Command & Conquer Review

Starting from the load-screens and straight on 'til morning, Command & Conquer is one of the most brilliantly designed computer games I have ever seen.

Execution and details are 90 percent of what makes a good game great. When your Command & Conquer commando sprite unexpectedly shouts, "Got a present for ya!" before slapping a wad of C-4 to a SAM site, well, it kinda gives you a warm fuzzy feeling all over. Starting from the load-screens and straight on 'til morning, Command & Conquer is one of the finest, most brilliantly-designed computer games I have ever seen. Focusing on the global conflict between the fictional Global Defense Initiative (read "NATO with a budget problem") and Brotherhood of Nod (read "Illuminati meets Warsaw Pact") organizations, Command & Conquer puts the player in complete charge of fast-paced, squad-level military operations utilizing a wide variety of troops, ground vehicles, base installations, air strikes, and production facilities.
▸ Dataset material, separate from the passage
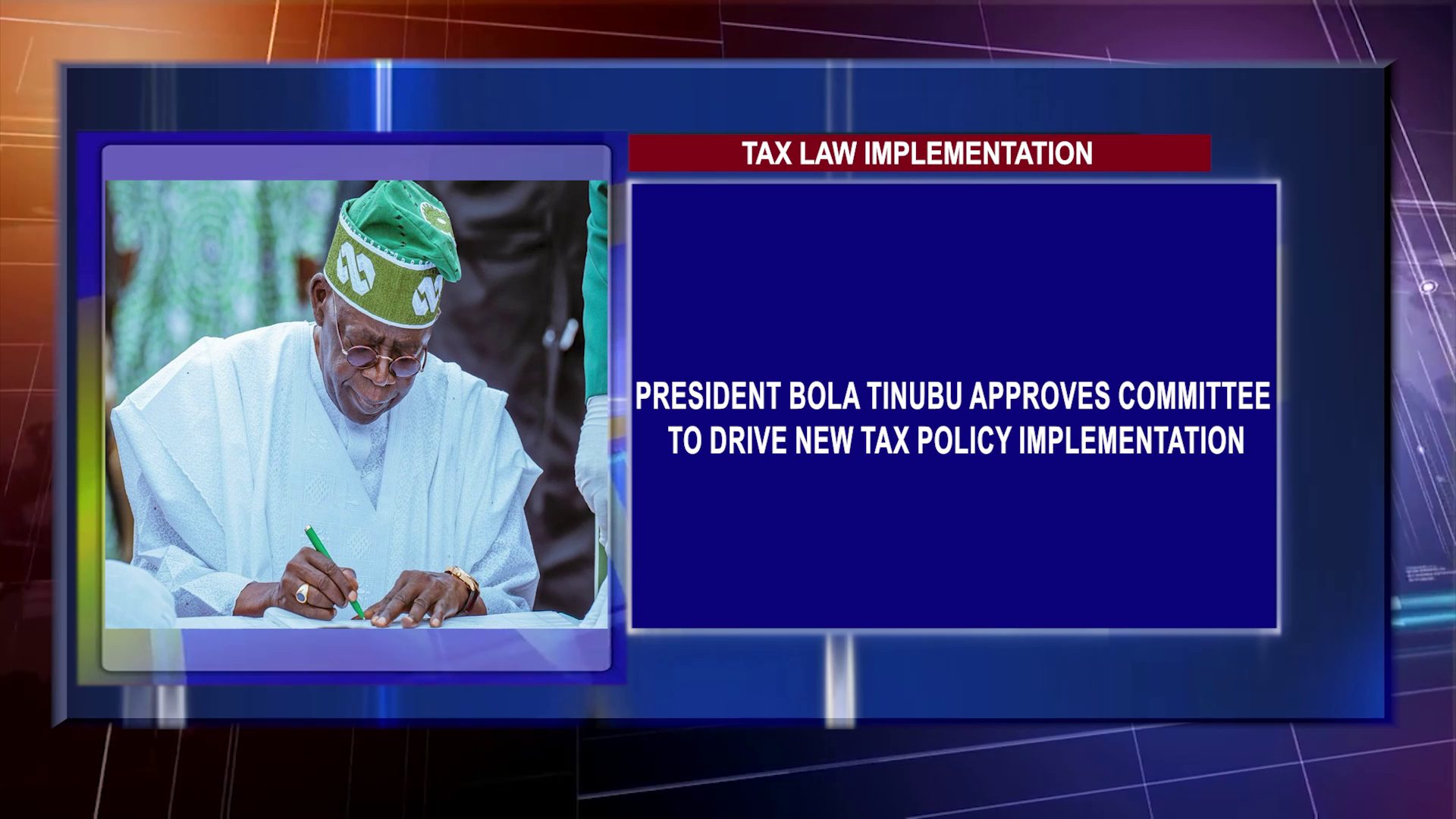 President Bola Tinubu Approves Committee To Drive New Tax Policy Implementation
Throwing in just enough full-motion video to build the proper mindset between scenarios, C&C's main hook is its battlefield action: real-time, command-based, and simultaneous. Thus, you may send a squad of grenadiers to take out an enemy airfield to stop the influx of reinforcements, and suddenly realize that as you've been doing this, bazookamen have started bashing your one production facility. Of course rerouting a group of tanks to deal with the bazooka menace turns out to be exactly what the enemy wanted you to do, and as 20 minigunners close on your undefended HQ, you anxiously count the seconds to the next friendly air strike that'll make everything nice again. The tension produced by so many multiple layers of real-time interaction is what computer gamers live for, and a number of different high-energy soundtracks keep adrenaline levels maxed out. Playing the entire conflict in the role of the other side makes for twice the gameplay value, and I don't even want to think about what's going to happen when the six-player networkable version comes out. Highly, highly recommended.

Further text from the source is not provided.